This analysis by Robert Ellis was first published at PoliGazette.
Like Ireland, Cyprus has been a victim of geography and both are today still divided. As the Arab geographer Muqaddasi wrote in 985: “The island of Qubrus is in the power of whichever nation is overlord in these seas”. And with its position 40 miles off the southern coast of Turkey and 70 miles from Syria it has been a strategic prize for centuries.
This outpost of Hellenic civilisation was conquered by the Crusaders in the twelfth century to secure their route to the Holy Land and later by Venice. When Famagusta fell to the Ottomans in 1571, the island’s fate was sealed. Therefore it is ironic that the British took over Cyprus with its mixed population in 1878 as a result of a deal with Turkey to protect the Ottoman Empire against the Russians, who have lurked in the background ever since.
The island’s Greek identity was emphasized in its support of the Greek revolt against Ottoman rule in 1821 and with the participation of both the Greek Cypriot majority and the Turkish Cypriot minority in a legislative council under British rule. When other Greek islands under Turkish occupation such as Crete and the Dodecanese were united with Greece, the same demand grew in Cyprus. As a result, a plebiscite held among Greek Cypriots in 1950 showed a 96.5 percent support for enosis (union with Greece).
As the British were only prepared to give the Cypriots limited self determination, a terrorist organisation EOKA was formed, which in 1955 launched a campaign to force Britain to withdraw. But the campaign was counter-productive, as this was met by the formation of the Turkish Cypriot paramilitary TMT with a demand for taksim (partition).
However, as Britain depended on the Middle East for 70 percent of its oil imports, it was not prepared to give up control of the island.

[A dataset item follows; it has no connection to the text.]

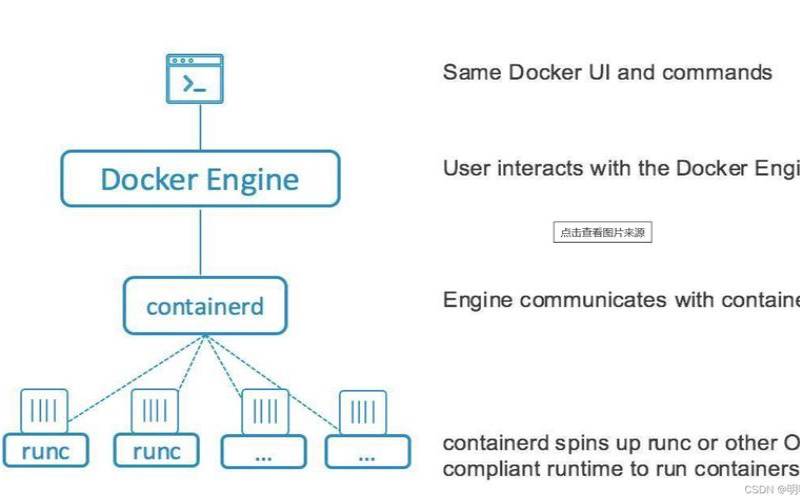 解密Linux系统的容器网络安全与隔离技术,linux容器技术 解密Linux系统的容器网络安全与隔离技术,linux容器技术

As Prime Minister Sir Anthony Eden put it at the time: “No Cyprus, no certain facilities to protect our supply of oil. No oil, unemployment and hunger in Britain. It’s as simple as that.”
Consequently, Britain invited both Greece and Turkey to a conference in London to discuss questions concerning the Eastern Mediterranean. But as defence minister Selwyn Lloyd explained to the Cabinet before the conference: “Throughout the negotiations our aim would be to bring the Greeks up against the Turkish refusal to accept enosis and so condition them to accept a solution, which would leave sovereignty in our hands.”
Independence
The ruse was only partly successful, because under American pressure for guaranteed independence, a deal between was brokered between Greece and Turkey in 1959, which resulted in a power-sharing constitution and independence the following year. A Treaty of Establishment also provided for two permanent British bases, and a Treaty of Guarantee between the new Republic, Greece, Turkey and the UK, prohibited the union of Cyprus with any other state or partition.
Nevertheless, Greek Cypriot nationalists under the leadership of their new President, Archbishop Makarios, continued to strive for “Enosis and only enosis”. When Makarios three years later proposed a number of amendments to the Constitution, which reduced the status of the Turkish Cypriots to that of a minority, fighting broke out between the two communities. In March 1964 this resulted in a UN resolution to put in a peacekeeping force, UNFICYP, which has been in place for the last 45 years.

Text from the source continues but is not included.